Eric Watkins: Singing the Psalms with the Psalmist

In New Horizons, Rev. Eric Watkins writes in a compelling way of why the Psalms occupy such an important place in our response to God's Word:

We believe in a God whom we cannot actually see. We follow a voice that we do not audibly hear. We are held by a hand that we cannot physically feel. This is also the nature and emotion of the Psalms. They encompass virtually every aspect of our lives and emotions. They catalogue every expression of the soul in poetic form. They summarize our spiritual experiences, both highs and lows.

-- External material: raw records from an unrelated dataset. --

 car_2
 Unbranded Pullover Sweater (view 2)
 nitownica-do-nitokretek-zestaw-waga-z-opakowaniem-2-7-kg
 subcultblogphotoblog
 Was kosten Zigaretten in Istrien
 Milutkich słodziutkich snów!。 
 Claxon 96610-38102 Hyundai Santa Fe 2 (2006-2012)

But if  [Edmund] Clowney is right, the Psalms do not simply capture and express the experiences of God’s people; they also draw us into the heart of Christ himself. They are his Psalms—not perfectly, for the Psalms contain confessions of sin that Jesus did not need to make for himself. Yet in so many ways they express the songs of the soul that Jesus would sing as he made his own pilgrimage through the dark valleys of this world to the highest peak of the hill of the Lord.

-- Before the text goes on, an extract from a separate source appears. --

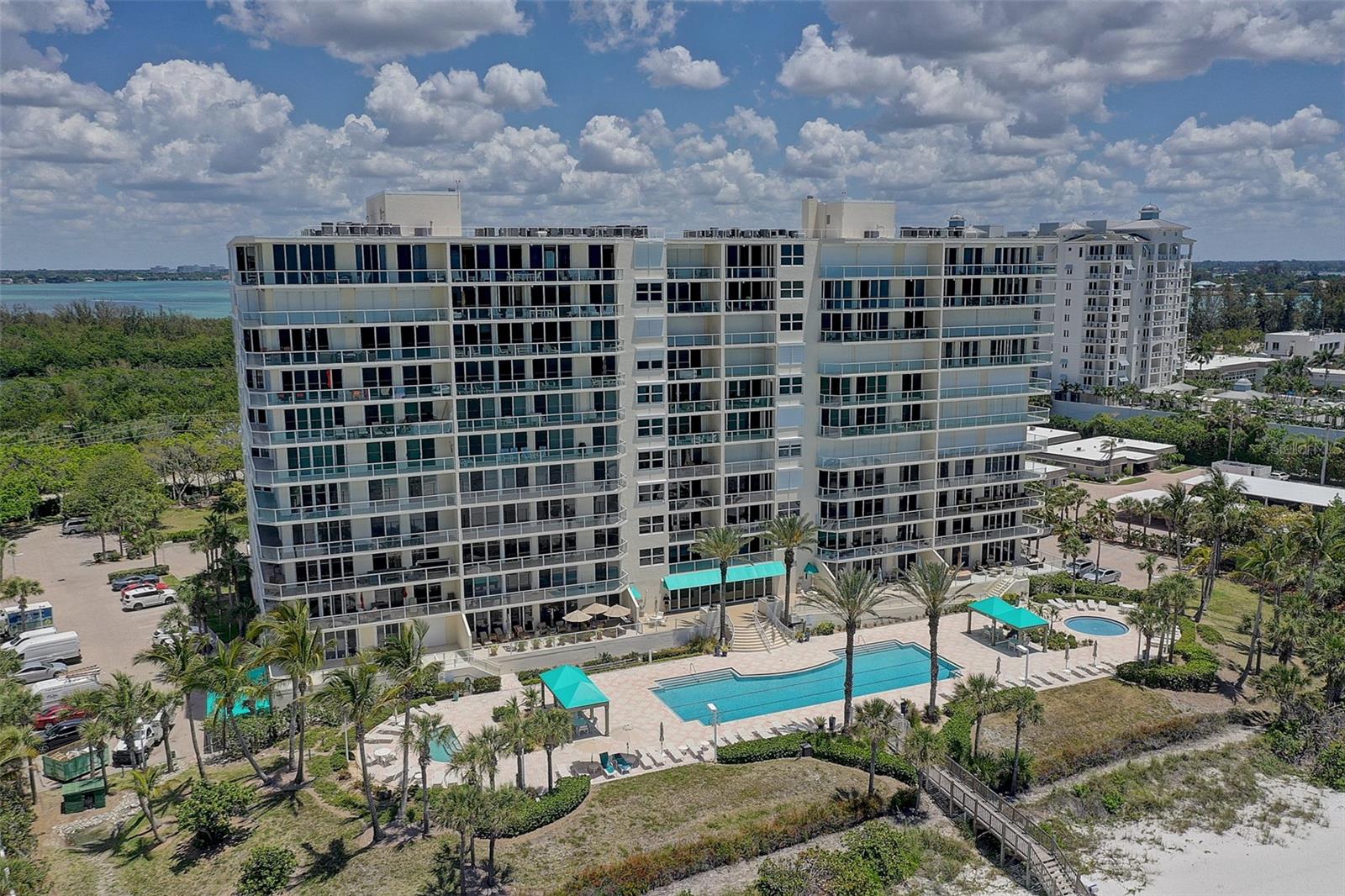 1800 BENJAMIN FRANKLIN DR #A202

Martin Luther was right in calling the book of Psalms “the Bible in miniature form.” For not only is the story of the soul sung in the book of Psalms, but so also is the story of redemption sung there. The Psalms, like Genesis, begin with the hope of the blessed man who is to shun evil, keep God’s laws, and become like an everlasting tree that bears fruit unto God. The book of Psalms, like Revelation, ends in the jubilant sanctuary of God, where the voices of God’s redeemed people are heard in concert with a myriad of joyful sounds, all forming one voice of praise that rises before God’s throne. In the middle of the Psalms is the story of redemption, with the trials and suffering of the psalmist displaying for us not simply the story of David, or even typifying the story of Israel, but telling ahead of time the story of Jesus, whose lonely exile on the cross would redeem the sin-laden people of God."

 

Note: While we are interested in all aspects of Reformed and Presbyterian teaching on a wide variety of important subjects, we recognize that one of our practices that is uncommon to many is the practice of psalm singing. We hope that these posts will offer you food for thought ... even if it seems like we post quite frequently on one particular aspect of Christian life and the worship of our Triune God.